Exercise
Copy the entries below exactly. Images do not belong in the copy.

################

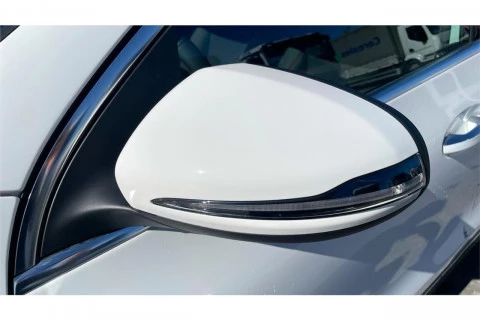 Mercedes-Benz GLA GLA 200 D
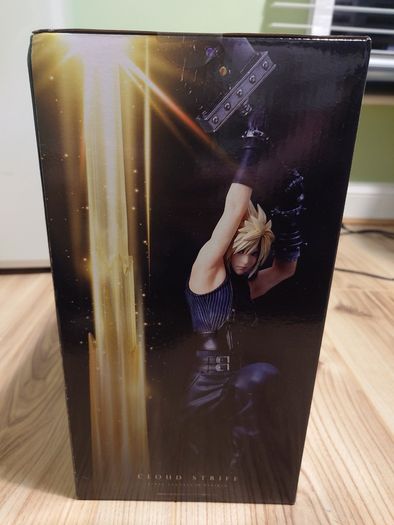 Final Fantasy Rebirth Cloud Strife Figure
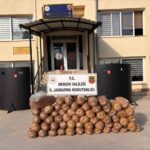 Mersin’de gerçekleştirilen operasyonda 335 kilogram kaçak tütün ele geçirildi, 2 kişi gözaltına alındı.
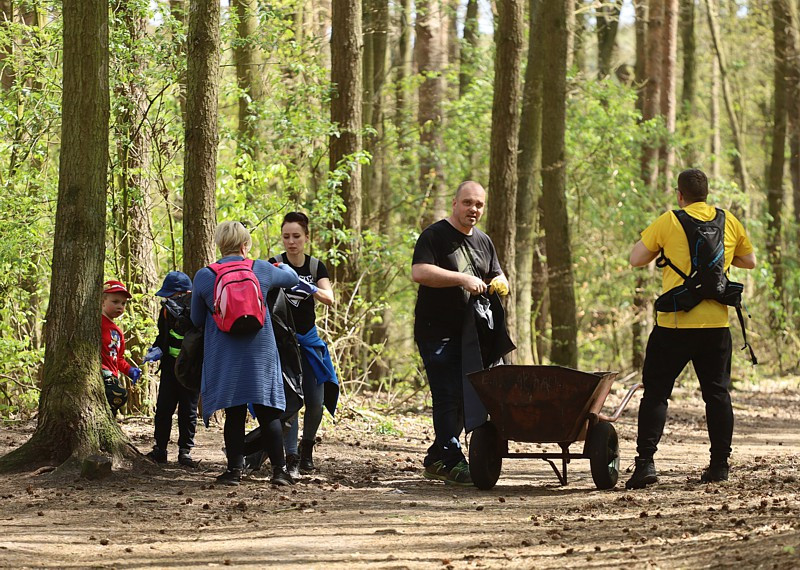 Posprzątali las przy ul. Okulickiego w Policach [foto]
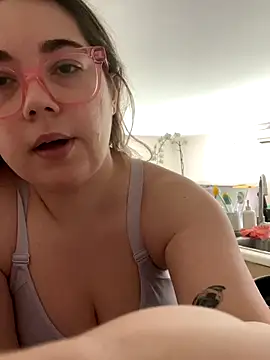 Snapshot of brooklynivy chatting on 10-14-25, 04:57 brooklynivy online show from 10-14-25, 04:57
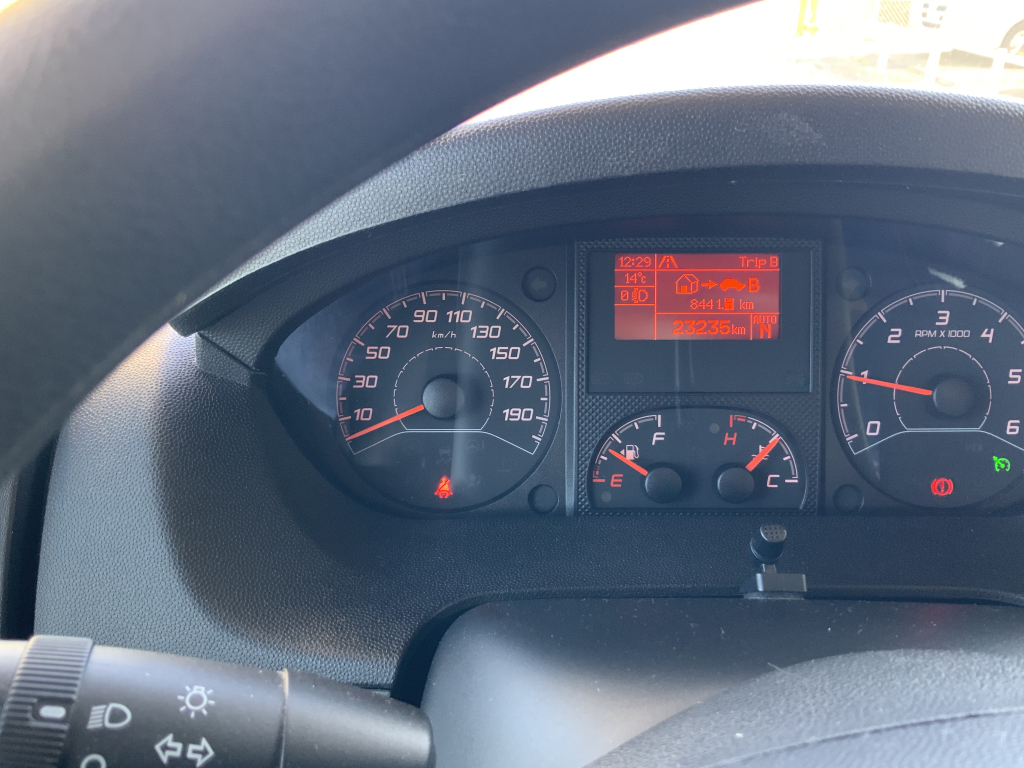 Carthago Malibu I 460 AUTOM&Aacute;TICO 150 CV Integral, Camas longitudinales y Cama abatible, Garaje, Aire acondicionado de motor, Aire acondicionado de techo, Sistema de nivelaci&oacute;n, Centro de autocaravanas en la carretera Marum foto: 30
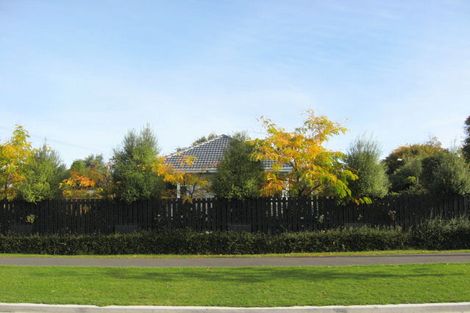 Photo of property in 113 Hamilton Avenue, Ilam, Christchurch, 8041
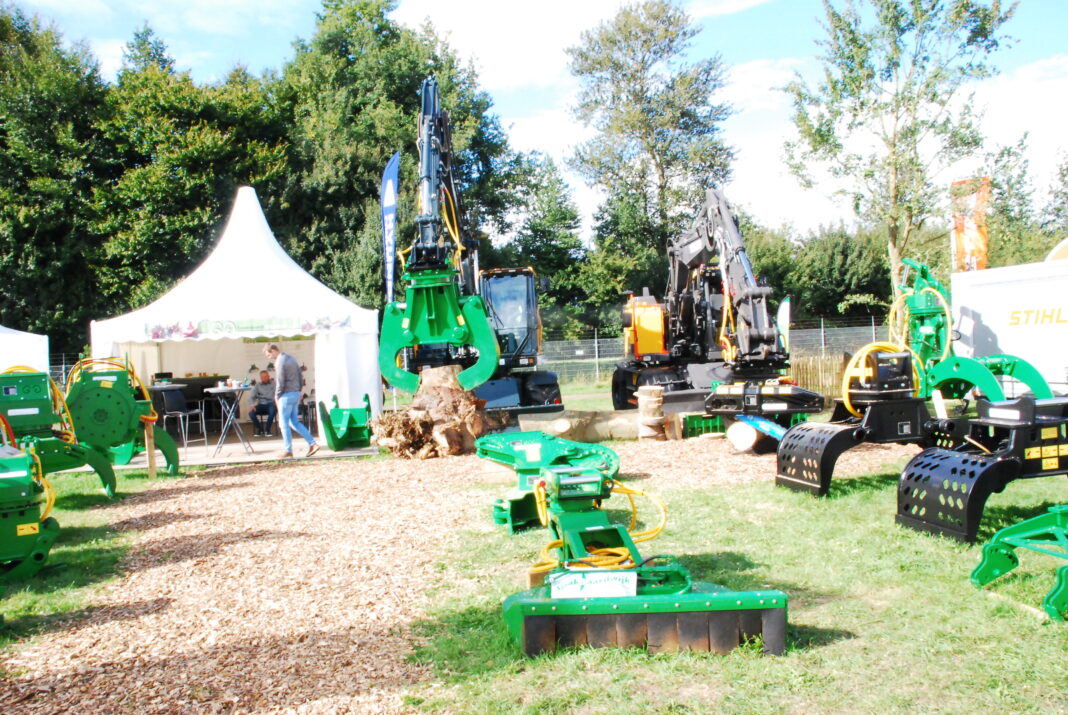 Zo’n driehonderd exposanten presenteren hun nieuwste innovaties op de gecombineerde beurzen AgroTechniek Holland (ATH) en GroenTechniek Holland GTH).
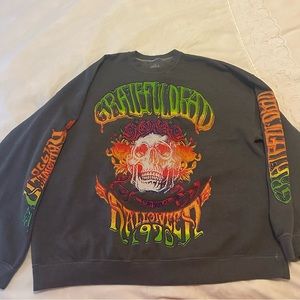 urban outfitters crewneck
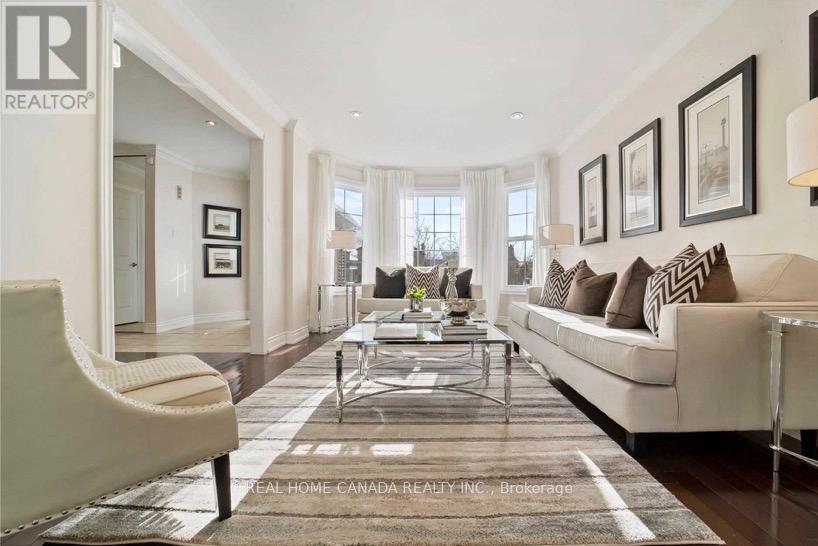 5315 Huntingfield Drive, Mississauga, Ontario  L5R 2G2 - Photo 3 - W12859662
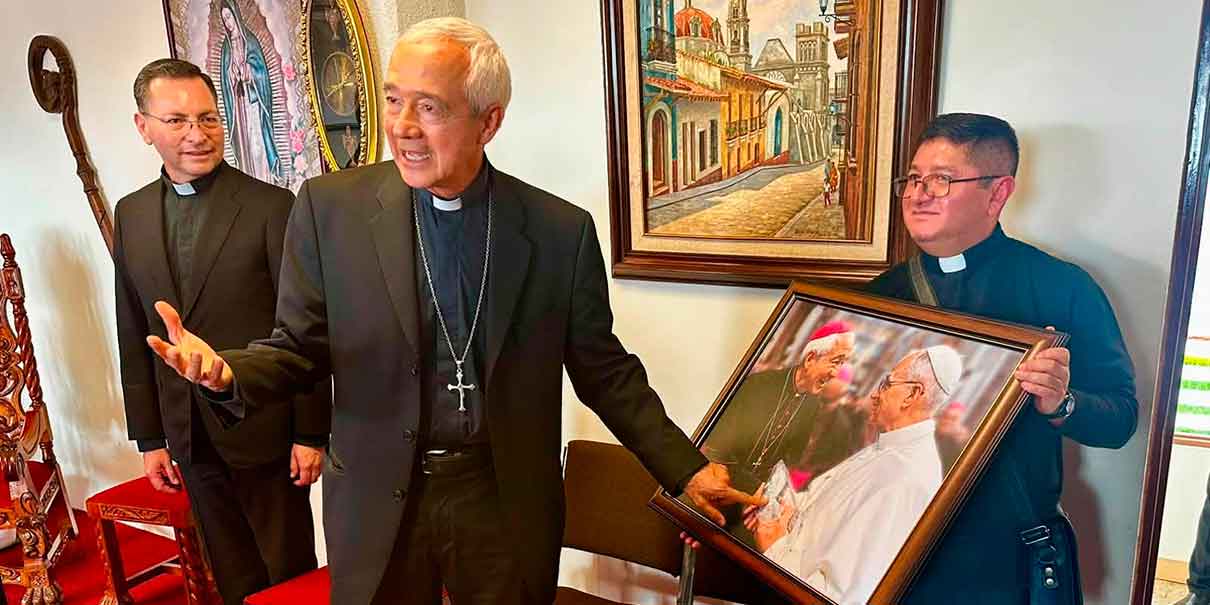 Patrón Wong revisa retos de la Arquidiócesis de Puebla antes de asumir el cargo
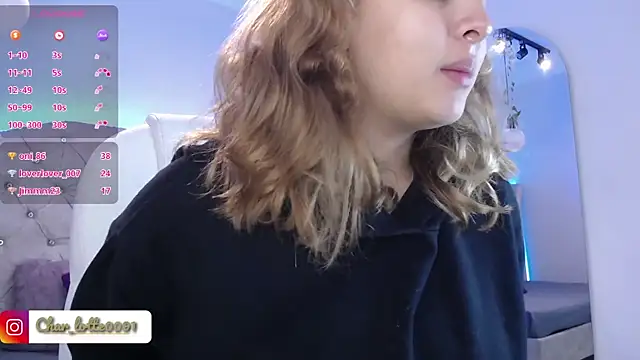 Charlotte Jones   online show from 03/21/25, 11:12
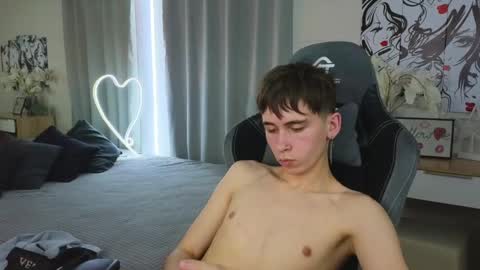 Snapshot of mr_lucky_guy chatting on 02-21-25, 10:04 Kris online show from 02-21-25, 10:04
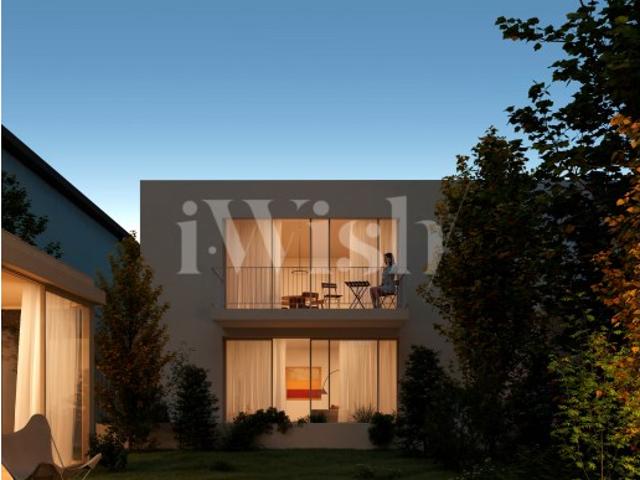Marés Studios Apartamento T0 com terraço no piso 1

################

Answer for this exercise
 Mercedes-Benz GLA GLA 200 D
 Final Fantasy Rebirth Cloud Strife Figure
 Mersin’de gerçekleştirilen operasyonda 335 kilogram kaçak tütün ele geçirildi, 2 kişi gözaltına alındı.
 Posprzątali las przy ul. Okulickiego w Policach [foto]
 Snapshot of brooklynivy chatting on 10-14-25, 04:57 brooklynivy online show from 10-14-25, 04:57
 Carthago Malibu I 460 AUTOM&Aacute;TICO 150 CV Integral, Camas longitudinales y Cama abatible, Garaje, Aire acondicionado de motor, Aire acondicionado de techo, Sistema de nivelaci&oacute;n, Centro de autocaravanas en la carretera Marum foto: 30
 Photo of property in 113 Hamilton Avenue, Ilam, Christchurch, 8041
 Zo’n driehonderd exposanten presenteren hun nieuwste innovaties op de gecombineerde beurzen AgroTechniek Holland (ATH) en GroenTechniek Holland GTH).
 urban outfitters crewneck
 5315 Huntingfield Drive, Mississauga, Ontario  L5R 2G2 - Photo 3 - W12859662
 Patrón Wong revisa retos de la Arquidiócesis de Puebla antes de asumir el cargo
 Charlotte Jones   online show from 03/21/25, 11:12
 Snapshot of mr_lucky_guy chatting on 02-21-25, 10:04 Kris online show from 02-21-25, 10:04
Marés Studios Apartamento T0 com terraço no piso 1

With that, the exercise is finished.